> WORK ORDER: Could you set down only the lines from the one including "Life Insurance Design" to the end of the records below, inclusive and exact, leaving pictures out?

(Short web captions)
-- Opening Marker --
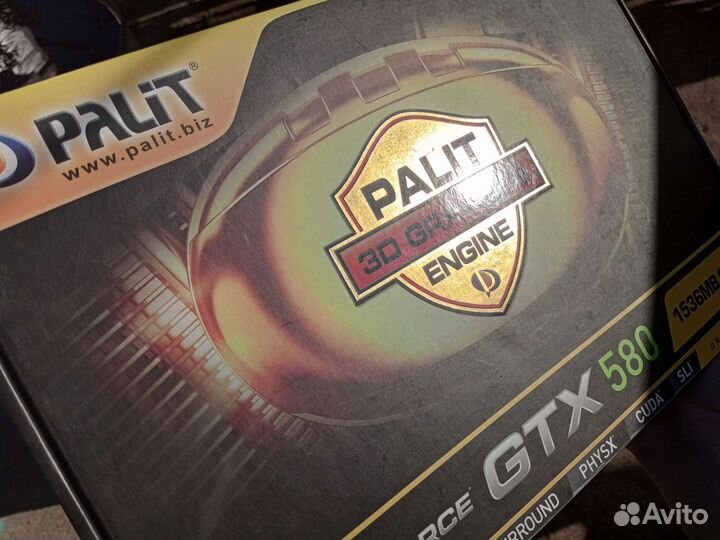 Коробка от видеокарты Palit GTX580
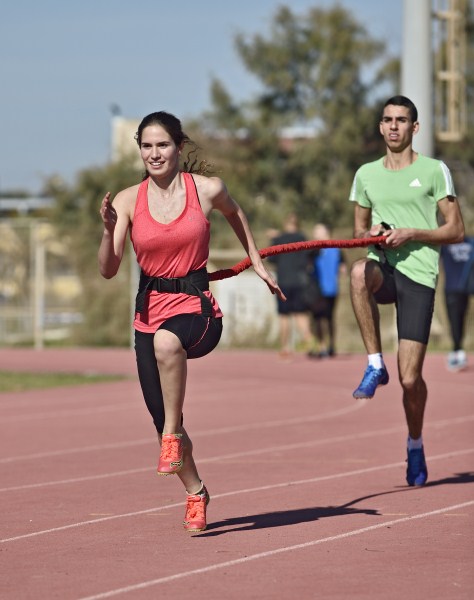 האתלטים הצעירים במחנה האימון בחנוכה (צילום: טיבור יגר)
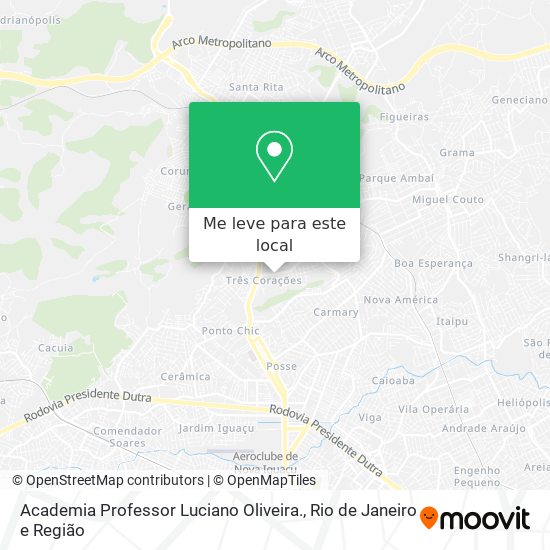 Academia Professor Luciano Oliveira. mapa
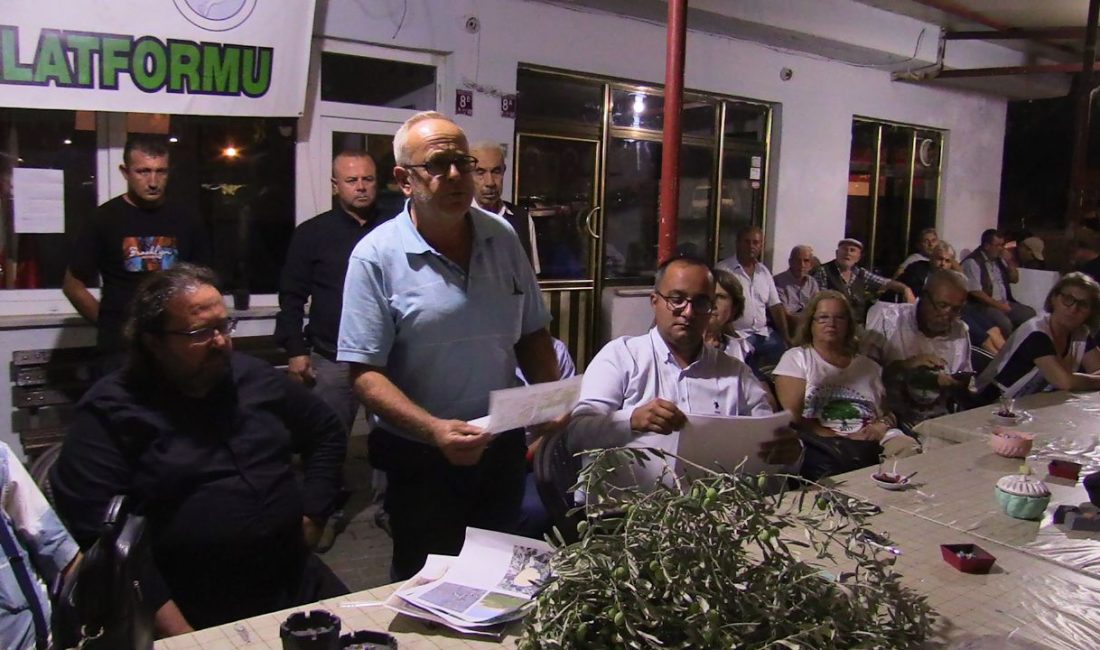 Bursa Beton köylünün merasına gözünü dikti Bandırma Yeşilçomlu Mahallesi, Bursa Beton Firması’nın taş ocağının genişletilmesi talebi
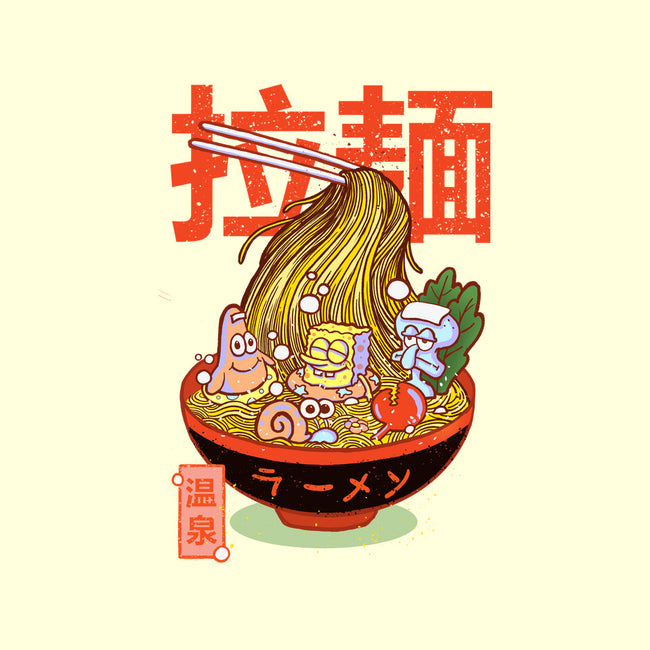 Krusty Onsen Ramen-none stretched canvas-Ionfox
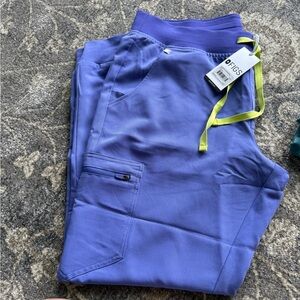 Figs Women's Blueberry Joggers with Yellow Drawstring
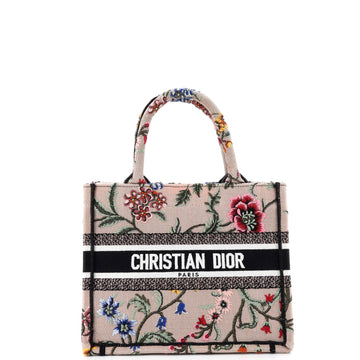 Christian Dior Book Tote Embroidered Canvas Small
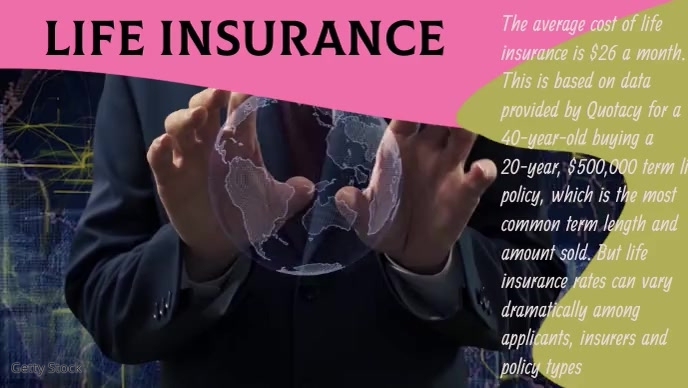 Life Insurance Design Copy of life insurance | PosterMyWall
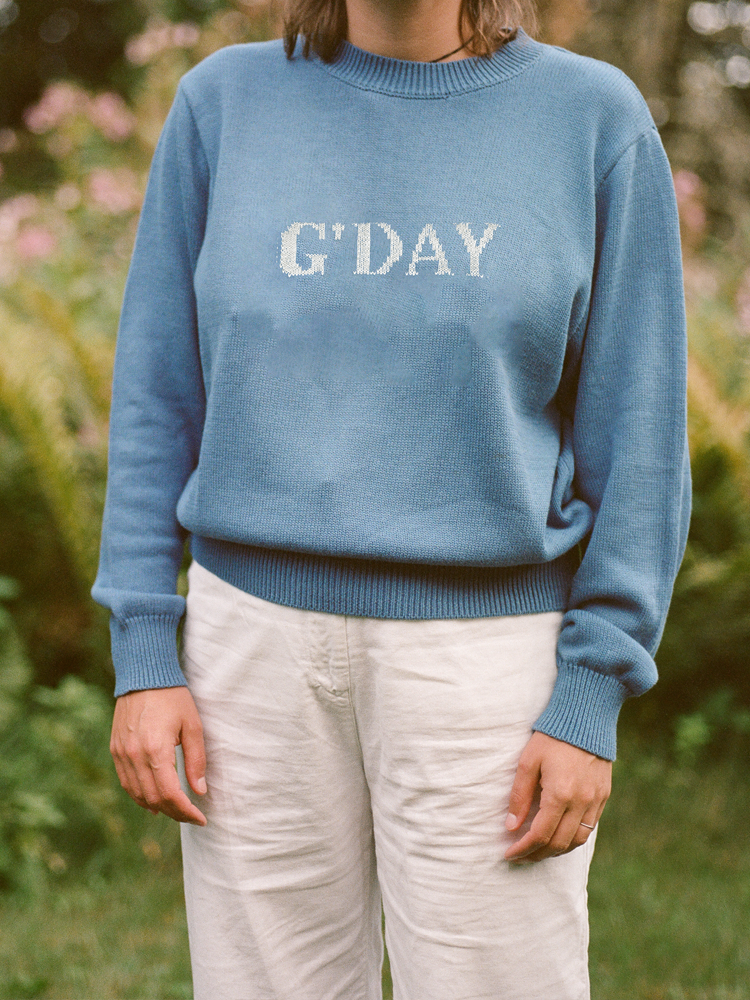 G'day Knit Sweater Blue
-- Closing Marker --
> RESULT OF THE TASK:
 Life Insurance Design Copy of life insurance | PosterMyWall
 G'day Knit Sweater Blue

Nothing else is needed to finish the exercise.